One of Kathy’s younger brothers was admitted a few weeks ago to a facility due to advanced dementia. This past week, he was placed under hospice care. During his life, he spent his time buying and selling antiques and collectibles. However, during the past months, he had become more of a hoarder and recluse, obtaining thousands of items and keeping them in his room.

We recently went to help clean out the room and decide what to do with the items he had collected. Some things we hope to sell to pay for his funeral, several loads were taken to a thrift store, and numerous loads to the dump. It was time-consuming and challenging to decide what to do with all that he had collected, some of which we couldn’t understand why he had gathered so many of one item. 

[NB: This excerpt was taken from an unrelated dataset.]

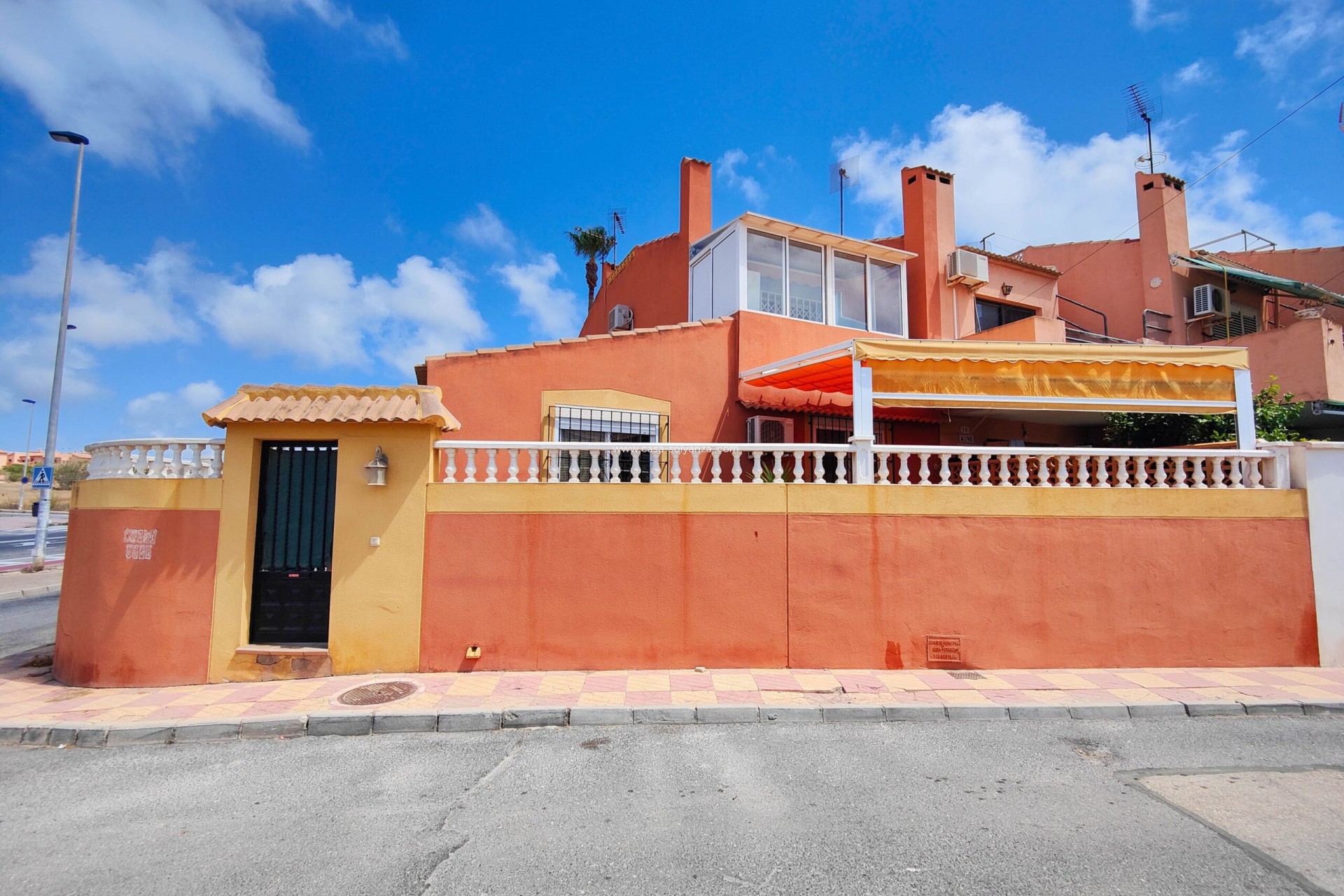 Resale - Villa - Torrevieja - Costa Blanca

As I went through his things, I was reminded that these were things that he had collected and treasured. Many were probably important to him. When he was home, sometimes someone would pick up an item, and he would simply say, “Mine.” Now, those important things to him would be in the hands of others without his input on what would be done with his treasures. The fate of his things had fallen into the hands of someone else, someone who would distribute his treasures without his knowledge. Some items contained the names of people neither he nor we knew but whose family had sold them.

As I helped go through his things, my mind thought of all the things that I have and how, one day, the fate of those things that I treasure would fall to someone else’s decisions. Where will the football from my high school state championship end up? Who will buy the baseball glove my dad bought me when I was 12, or what will happen to the keepsakes of my youth and marriage? Family will keep some for a while, and eventually, my treasures will wind up in a thrift store where the memories are lost or in a landfill in an empty lot. Perhaps a few will be passed from generation to generation, but the stories will be lost and forgotten. It’s the reality that our things in this life are only temporary.

Jesus warned us about putting so much importance on the things of this life. “Do not store up for yourselves treasures on earth, where moth and rust destroy, and where thieves break in and steal. But store up for yourselves treasures in heaven, where neither moth nor rust destroys, and where thieves do not break in or steal; for where your treasure is, there your heart will be also.”  Matthew 6:19-21 (NASB) 

The life we live, how we treat people, how we serve the Lord, and what we say and do that make life better for ourselves and those around us are the things that are much more valuable than the possessions we see as valuable. Our legacy should never be based on what we possess but on who we were while we walked in our lives.

Scattered throughout our home are items here and there from past family members. We keep them, not because they are valuable, but because they are reminders of the lives of loved ones and the good memories they bring. They will be passed on to our son or other family members to do with as they please. 

All my things will fall into someone else’s hands to keep, sell, give away, or trash. It will be their decision, not mine. As I think about it, that’s okay. After all, they are just temporary things that God has given me to enjoy during my few years of life. My prayer is that my life will be viewed not by what I collected but by who I was in life.

How important to you are the things you possess? Remember, they are just things with value only for a short time, but they are not as important as how you live your life for the Lord. All the possessions you have will one day be gone. They will be taken away, sold, distributed, or thrown away, never to be remembered again. However, your legacy can far surpass the world’s material things. I can think of no more excellent compliment than for God to say to me, “Well done, good and faithful servant!”

Danny Minton is a former Elder and minister at Southern Hills Church of Christ


One comment

  • Nancy Patrick's avatar

    A beautiful article! I often think of all those things in the attic and wonder what will become of them. As you say, someone else will determine that, but our reputations will live on.